PHYSICS DEPARTMENT

PHY 2054                                                                                  Exam 1                                       1 June 2010

Prof. F.E. Dunnam

 

Exam 1 Solutions

Answer (1) is the correct answer for all questions except  #10 where correct answer is (4).  Most  solutions are sketched: not all are worked out in detail. Please see one of us if you have difficulties.

[NOTE: My html editor refuses to acknowledge the existence of the Greek 'delta' so  ' *V' means 'delta V'.]

  

 

1. Two particles have charges +Q and -Q (equal magnitude and opposite sign) and lie along a straight line. For a net force of zero to be exerted on a third charge it must be placed:

                  (1) at none of the places listed (there’s no such location).

                  (2) on the perpendicular bisector of the line joining Q and -Q, but not on that line itself.

                  (3) on the line joining Q and -Q, to the side of Q opposite -Q.

                  (4) on the line joining Q and -Q, to the side of -Q opposite Q.

                  (5) midway between Q and -Q.

                   

Try it....there is no location where you can place a test charge (or any charge!) near this configuration such that the resultant force is zero!

 

2. A particle with charge 2µC charge is placed at the origin.

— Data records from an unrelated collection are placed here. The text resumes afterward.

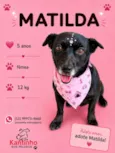 Matilda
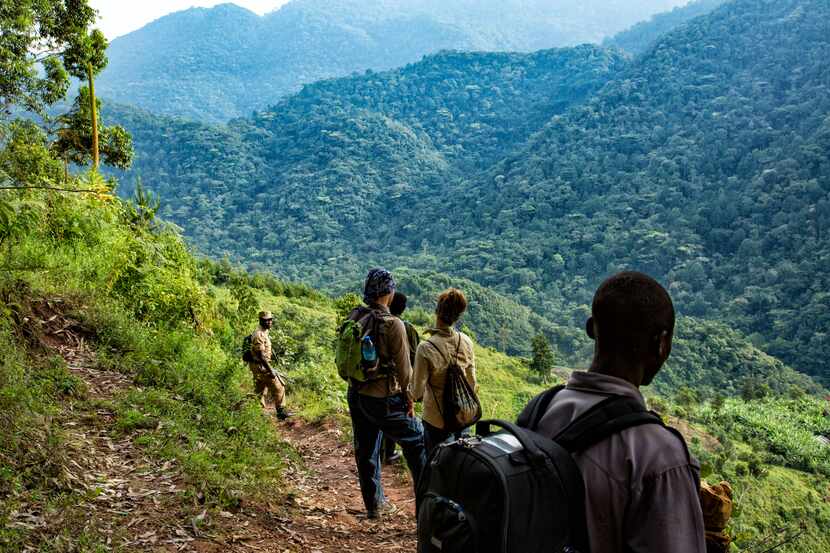 Headed down the rugged trail to find the Nkuringo gorilla family in Bwindi Impenetrable Forest.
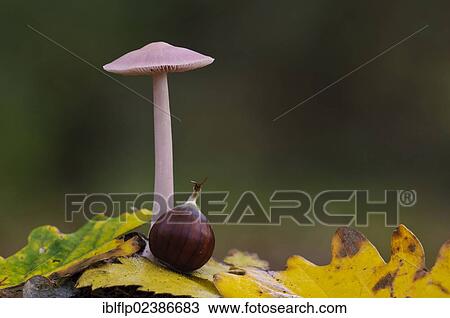 "Lilac Bonnet (Mycena pura), fruiting body, growing amongst leaf litter with beech nut, Bostall Woods, Royal Borough of Greenwich, Inner London, England, United Kingdom, Europe" View Large Photo Image Stock Image - "Lilac Bonnet (Mycena pura), fruiting body, growing amongst leaf litter with beech nut, Bostall Woods, Royal Borough of Greenwich, Inner London, England, United Kingdom, Europe". Fotosearch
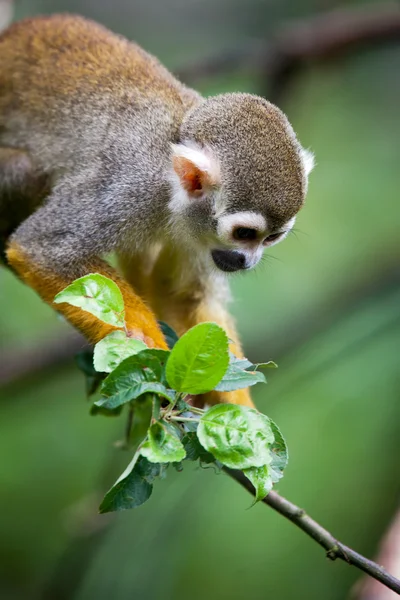 Κοντινό πλάνο του μια κοινή μαϊμού σκίουρος — Φωτογραφία Αρχείου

An identical particle, with the same charge, is placed 2 m from the origin on the x axis, and a third identical particle, with the same charge, is placed 2 m from the origin on the y axis. The magnitude of the force on the particle at the origin is:

            (1) 1.3 x 10^-2N   (2) 6.4 x 10^-3N     (3) 9.0 x 10^-3N     (4) 1.8 x 10^-2N     (5) 3.6 x 10^-2

Sketch the force diagram. The resultant of the two (repulsive) forces on the charge at the origin is = 2 F cos 45 deg.  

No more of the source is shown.